I started off drawing the full solar disk in h-alpha. Four active regions lined up east to west with two more to the south (depicted to the top of the first sketch in the animation). I then made a quick second sketch to use for recording the times and placements of the Moon as it passed between Earth and the Sun.

Quick second solar disk sketch used to record the Moon’s passing and times.

First contact was at 0032 UT. The first marking was at 0035 UT. I set my iPhone’s timer to go off every five minutes until sunset, marking the Moon’s progress each increment with my oil pencil along with the times. In between, Paul and I would alternate using a pair of solar glasses from solarastronomy.org and the views from my double-stacked Coronado Maxscope 60mm h-alpha telescope.

The first image of the animation shows the original sketch in its entirety. Later, I used the second solar disk sketch as a reference to recreate the eclipse on the original sketch with a cut out circular piece of black Strathmore paper. This animation is the result.

And the montage of the scanned sketch with the circular cutout representing the Moon…

As the solar disk became too dim to view (represented in the last couple frames of the animation), I was forced to leave the eyepiece and enjoy the last several minutes with the solar glasses and my camera.

2012 05 20 – Annular/partial Solar Eclipse

•May 20, 2012 • Leave a Comment

Annular solar eclipse
Photo: NASA Goodard Space Flight Center

It’s time to make the last minute preparations for the annular eclipse tonight/early morning (depending on your location). My location should allow me to see a partial eclipse just before sunset. Traveling 6 hours further west, I would have had a chance to view the annular eclipse, which would certainly be a site to see!
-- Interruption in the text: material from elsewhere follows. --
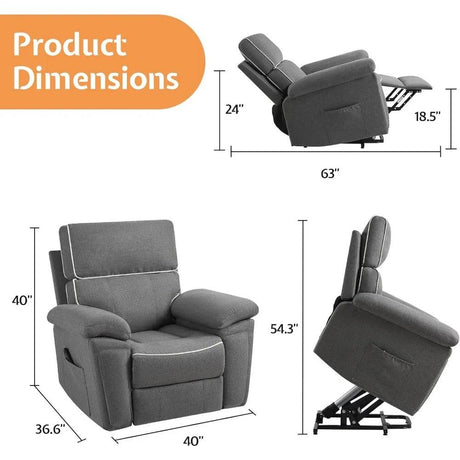 Electric Overstuffed Power Lift Recliner Chair - Sleep Galleria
Here’s hoping my friends in the path of the annular eclipse has clear skies and the opportunity to witness it first hand. As for me, I’ll settle this time on a partial solar eclipse with my h-alpha solar telescope and a pair of solar glasses.

I plan on doing a set of full disk h-alpha sketches prior to the eclipse and then use them as a template to shade in the Moon as it passes between Earth and the Sun. Of course, this will only work if the clouds stay at bay and I can find a low horizon to view from.

An annular eclipse occurs when the Moon passes in front of the Sun near apogee, the furthest distance in its orbit around Earth. Because of its distance, it is smaller compared to the apparent size of the solar disk and only covers ~88% of the Sun instead of totality. The outer 12% of the Sun creates what looks like a ring of fire surrounding the dark lunar disk. This year, the Moon will pass in front of the Sun only one day after apogee and full annular eclipse will last a few minutes in the USA before it breaks through the ring. The path starts in southeast Asia in the early morning hours and travels 4000 miles to central USA. Partial eclipse will be visible through the more eastern states, but not the states along the Atlantic coastline. The last annular eclipse seen in the USA was in 1994.

Warning:  Please remember that you must view this event with either proper solar filters or special solar glasses, by projection, or grade 14 welder’s masks. Permanent eye damage or blindness can result otherwise.

Helpful links:

2012 05 17 – NOAAs 11476, 11477, 11478, 11479, 11482, 11484, NE Prominence

•May 17, 2012 • 1 Comment

1245 UT – 1845 UT
Temp: 20-30C, calm – S 5mph, clear.
Seeing: Wilson 4.8-1.2, Transparency: 5/6-4/6, 50x.
Maxscope DS 60mm H-alpha, LXD75, Baader Planetarium Hyperion 8-24mm Mark III.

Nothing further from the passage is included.